= Indio Fashion Mall =

Shopping development in California

Indio Fashion Mall was a shopping mall in Indio, California, currently the site of the Indio Grand Marketplace.

Indio Fashion Mall opened on February 24, 1975. A 60000 sqft Harris Company department store (later became Harris Gottschalks in 1999) and a Sears anchored the mall which had 40 other mall shops. The mall had 215000 sqft of retail space on a 17 acre parcel.

==Decline==
The Sears store closed in 2004 (relocated to Westfield Palm Desert mall) and the Harris-Gottschalks in 2009.

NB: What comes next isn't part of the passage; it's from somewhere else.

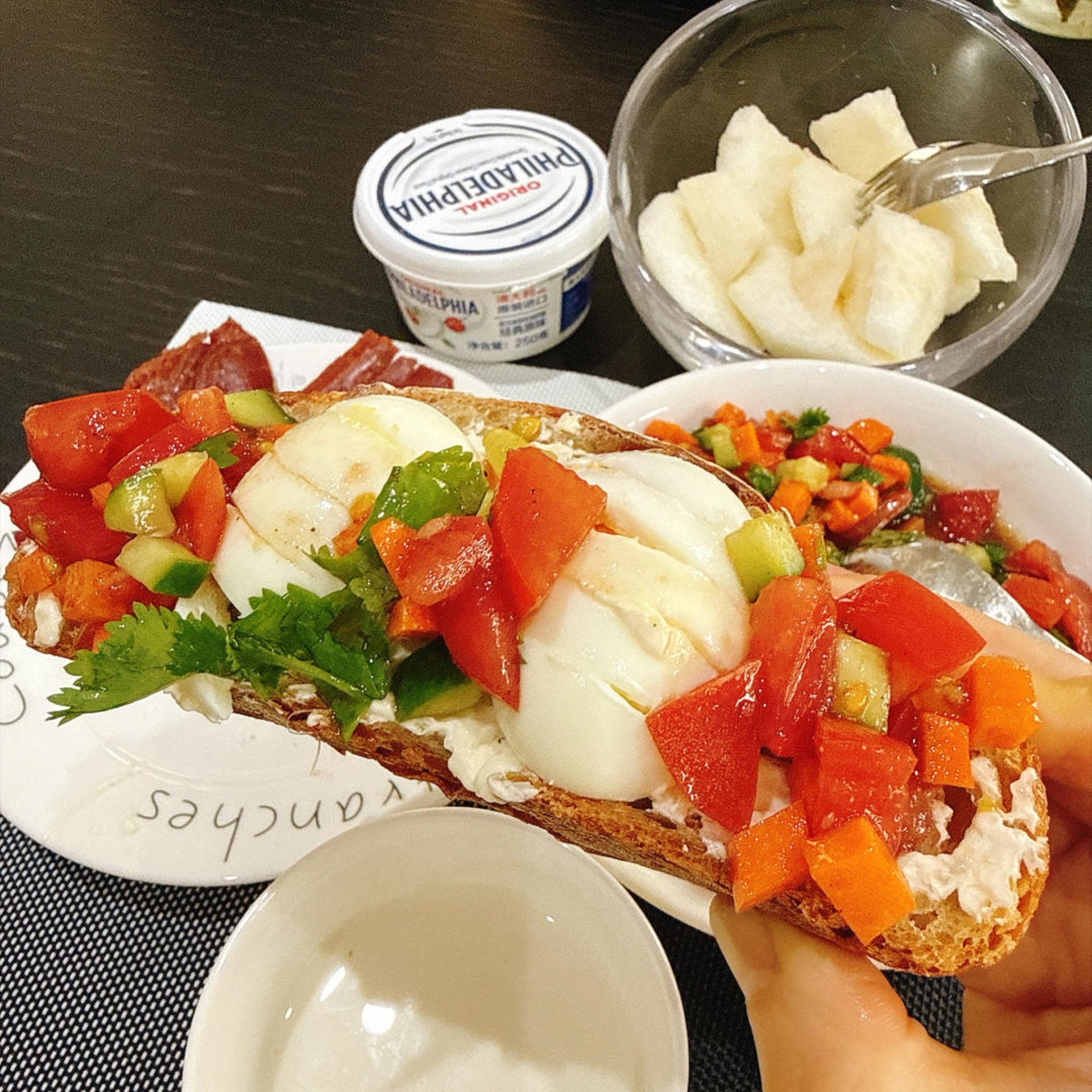 Every bite is fiber and vitamins; you finish without feeling sleepy, your body feels light, and your stomach feels comfortable.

By 2017, 70% of the storefronts in the mall were empty. On February 28, 2018, Los Angeles-based developer Haagen Company purchased the mall and its lot with the intention of eventual redevelopment.

==Current status==
The building is now called Indio Grand Marketplace and is an indoor swap meet, consisting of lower-end independent retailers and food outlets.

==Redevelopment plans==
The owner has plans to demolish the existing mall building and build a mixed-use development to cover the lot as well as an additional adjacent 20-acre parcel. It is to house retailers, casual dining and entertainment; up to 400 new residential units; and a hotel.".

By December 2025, the mall was described as defunct, with only one tenant remaining; the owner planned to relocate the final tenant before demolishing the interior mall structure, while retaining the former Gottschalks and Sears buildings for potential reuse.

By August 2026, Phase 1 of the mall's redevelopment was already under construction along Highway 111.